*TASK DIRECTIONS*
When you return the data, keep every line exactly as it is and leave out the pictures.

*COLLECTED DATA*
-- Opening Marker --

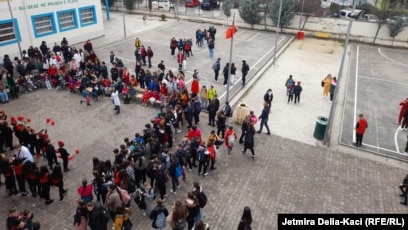 Vdes një i mitur në Tiranë në një përleshje bashkëmoshatarësh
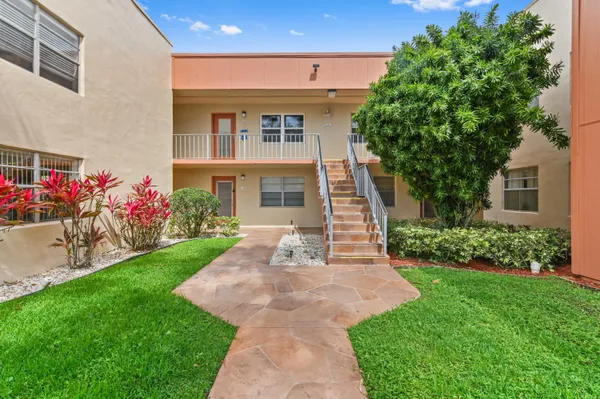 Property Slideshow image 2 of 32 | 211 piedmont e, Delray Beach, FL, 33484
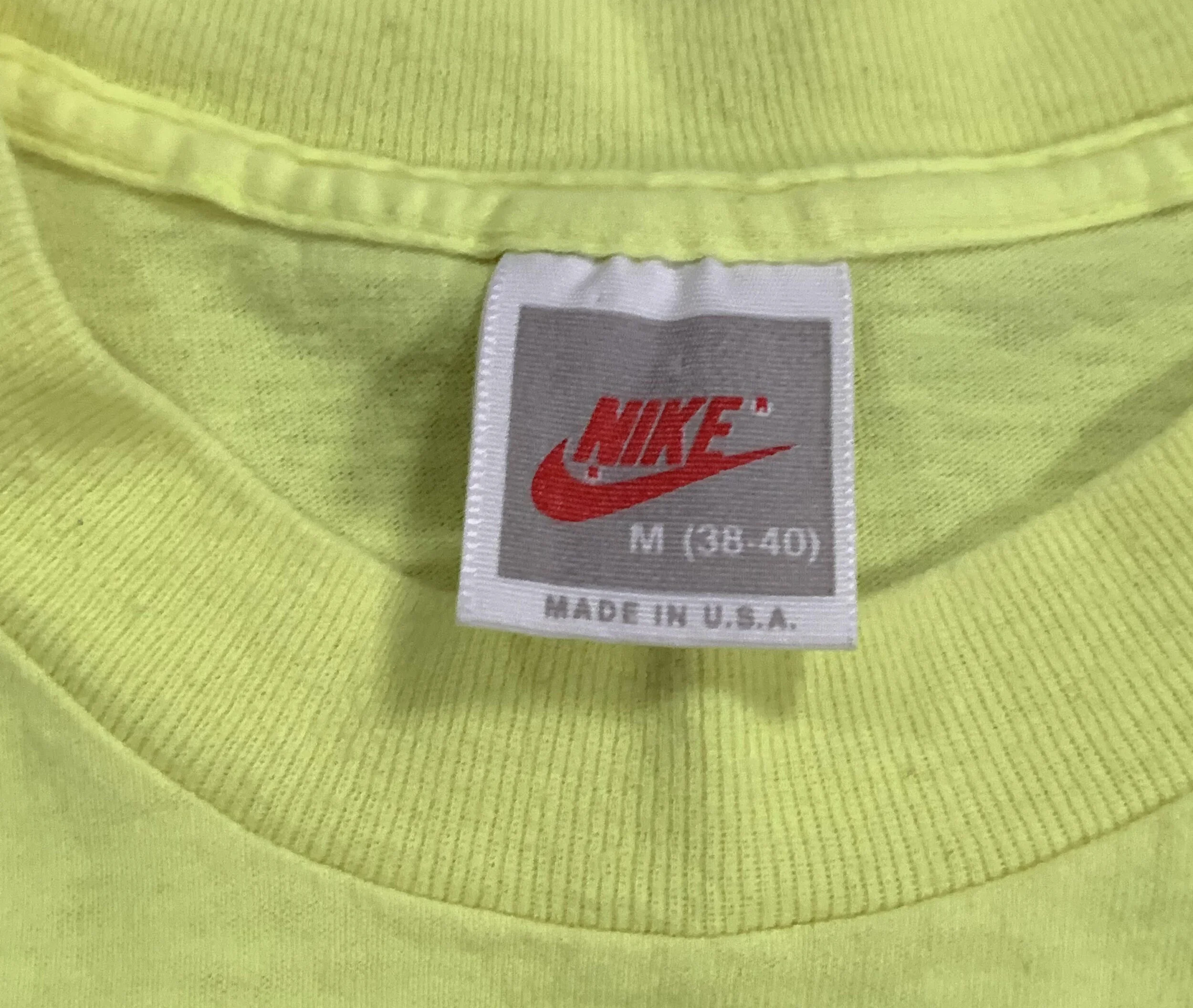 grey tag nike .jpg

-- Closing Marker --

*ANSWER*
 Vdes një i mitur në Tiranë në një përleshje bashkëmoshatarësh
 Property Slideshow image 2 of 32 | 211 piedmont e, Delray Beach, FL, 33484
 grey tag nike .jpg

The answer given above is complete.